Eastern Orthodox icon depicting Christ enthroned in heaven, surrounded by the ranks of angels and saints. At the bottom is paradise with the Bosom of Abraham (left), and the penitent thief (right).

To depart and be with Christ, which is far better.

Philippians 1:23.

What will be the end of those who do not obey the gospel of God?

1 Peter 4:17.

It is said that Louis XI (1423-1483) was a roguish, cruel king. Towards the end of his life, he became increasingly worried and sought certain means of deferring death: forty sentries guarded his castle at Plessis-Les-Tours, as he feared, and not without reason, having been the victim of a revengeful attack. In addition, to prevent any fatal illness he was surrounded by a host of doctors. Finally, he sent to Italy for Francois de Paule, a Franciscan hermit said to be capable of prolonging life. The king promised him a large sum of money if he kept him in good health and assured him of a long life. This wise man, however, explained that God alone had the power to prolong life, and that it was much more important to die in peace than to live a long time.

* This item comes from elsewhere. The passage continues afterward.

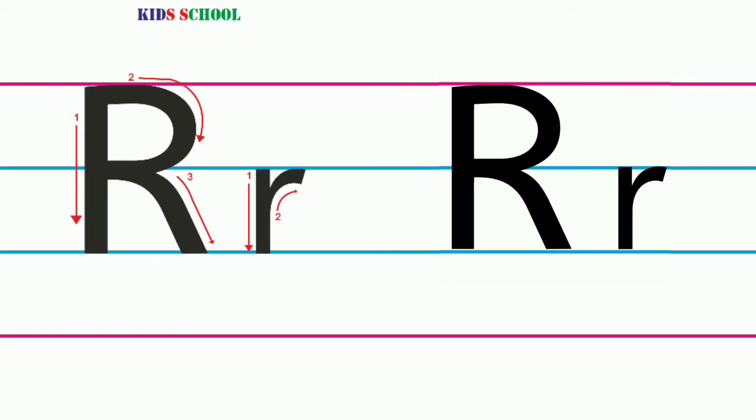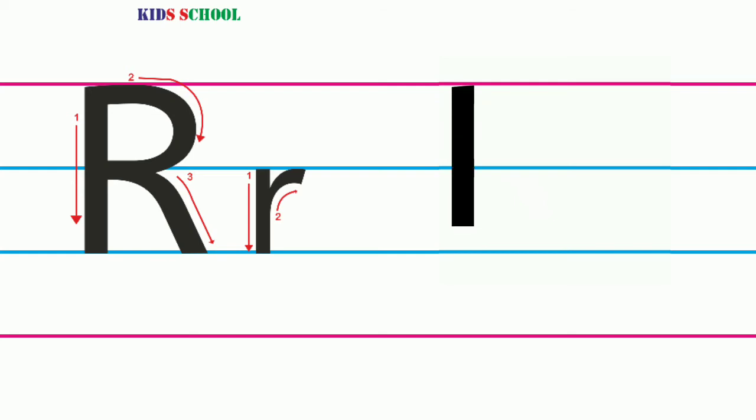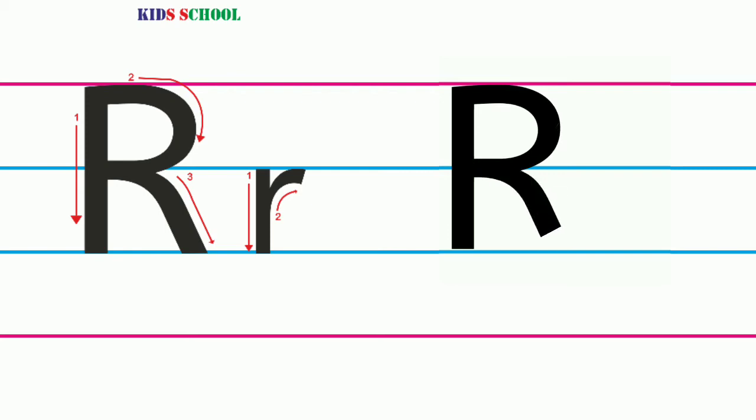Now you know how to write the letter R, so try to write it properly.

Let us keep this precept in mind, for we fear that many people, like king Louis XI, dream rather of a lengthy life than of a peaceful end to it.

What does “a peaceful death” mean? Is it dying at home rather than in hospital? Passing away in one’s sleep without suffering and surrounded by loved ones? Not at all! It is dying at peace with God, going to Him without fear, not for being better than others, but because of believing in Jesus, the only Saviour. Jesus said, “I am the resurrection and the life. He who believes in me, though he may  die, he shall live. And whoever lives and believes in me shall never die. Do you believe this?” (John 11:25.26).